# Why Mean Time To Failure is a poor(lazy) metric for pre-emptive ESP replacement

## Introduction

In oilfields where Electric Submersible Pump(ESP) is the artificial lift technique, the ESP replacement strategy is a key question. Two strategies are typically employed: 
    
    1) pre-emptive - ESP's are changed out before they fail.
    2) reactive - ESP's are changed out once they fail.

There are unique advantages and disadvantages to either of these strategies, making them unique for different oilfields. However, the chosen strategy impacts OPEX, CAPEX, unscheduled deferment, planning stability and availability of long-lead items making it one of the most important decisions in managing an oilfield.

Recently at work a pre-emptive schedule was chosen with mean time to failure (MTTF) used as the metric to decide on pre-emptive ESP replacement.
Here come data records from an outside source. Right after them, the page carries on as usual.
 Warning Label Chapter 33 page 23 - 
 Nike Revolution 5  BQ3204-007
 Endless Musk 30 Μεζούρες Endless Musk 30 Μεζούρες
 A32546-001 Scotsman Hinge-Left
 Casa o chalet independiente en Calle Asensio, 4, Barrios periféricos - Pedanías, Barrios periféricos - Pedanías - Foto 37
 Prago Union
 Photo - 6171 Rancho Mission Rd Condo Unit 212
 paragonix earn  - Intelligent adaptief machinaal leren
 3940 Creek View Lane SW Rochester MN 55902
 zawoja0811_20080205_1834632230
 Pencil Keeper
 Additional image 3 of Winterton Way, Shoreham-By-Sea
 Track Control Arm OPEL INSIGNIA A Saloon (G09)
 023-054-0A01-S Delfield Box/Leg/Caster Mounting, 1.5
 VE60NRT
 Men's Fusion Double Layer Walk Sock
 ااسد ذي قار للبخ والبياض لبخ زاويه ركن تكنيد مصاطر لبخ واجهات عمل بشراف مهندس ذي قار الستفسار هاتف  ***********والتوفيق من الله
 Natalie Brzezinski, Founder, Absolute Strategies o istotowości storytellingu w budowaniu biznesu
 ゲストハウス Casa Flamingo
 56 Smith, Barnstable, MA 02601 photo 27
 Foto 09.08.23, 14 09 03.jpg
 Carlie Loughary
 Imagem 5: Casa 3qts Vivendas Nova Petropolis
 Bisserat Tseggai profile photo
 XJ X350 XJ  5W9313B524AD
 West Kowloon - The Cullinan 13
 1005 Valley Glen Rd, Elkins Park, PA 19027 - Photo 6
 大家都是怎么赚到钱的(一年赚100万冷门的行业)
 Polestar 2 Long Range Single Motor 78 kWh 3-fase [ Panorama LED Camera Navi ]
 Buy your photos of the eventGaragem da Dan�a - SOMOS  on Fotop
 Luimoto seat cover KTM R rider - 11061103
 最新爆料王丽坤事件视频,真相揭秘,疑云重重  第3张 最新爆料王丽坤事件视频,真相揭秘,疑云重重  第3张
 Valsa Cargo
This post argues that MTTF based replacement is sub-optimal and a reliability based approach using failure rate curves and the probability of failure to decide on when to replace ESP's pre-emptively is a better metric to decide on when to replace ESP's.

The code is available on my github here: [github] 

## Exploratory data analysis

In [55]:
import pandas as pd

failure_data_loc = "data\\esp_failures.csv"
failure_data = pd.read_csv(failure_data_loc)
failure_data.sort_values(by="days", inplace=True)

failure_data["ESP"] = [str(v) for v in failure_data["ESP"]]

failure_data.head(5)

Unnamed: 0,ESP,days
15,15,2
0,0,51
46,46,90
33,33,97
47,47,107


### Runtimes

In [56]:
from bokeh.plotting import figure, show, row
from bokeh.io import output_notebook

output_notebook()


def plot_runtimes(df: pd.DataFrame):
    p = figure(
        x_range=(0, 3000),
        y_range=df["ESP"],
        height=700,
        width=500,
        title="ESP Runtimes",
        toolbar_location=None,
        tools="",
    )
    p.hbar(y=df["ESP"], right=df["days"], width=0.9)
    p.xgrid.grid_line_color = None

    p.xaxis.axis_label = "Runtime [days]"
    p.yaxis.axis_label = "ESP Number"
    return p


runtimes_plot = plot_runtimes(failure_data)
show(runtimes_plot)  # type: ignore

The runtime data shows ESP's with *infant failure*. These are failures that happen immediately after replacement. They're unavoidable and are also a remainder that changing ESP's does not lower risk of failures to zero. In fact, there's a risk of infant failure. The data also shows that at ~1000 days the failure rate shows a step change. And finally you have ESP's which have run for ~2500 days.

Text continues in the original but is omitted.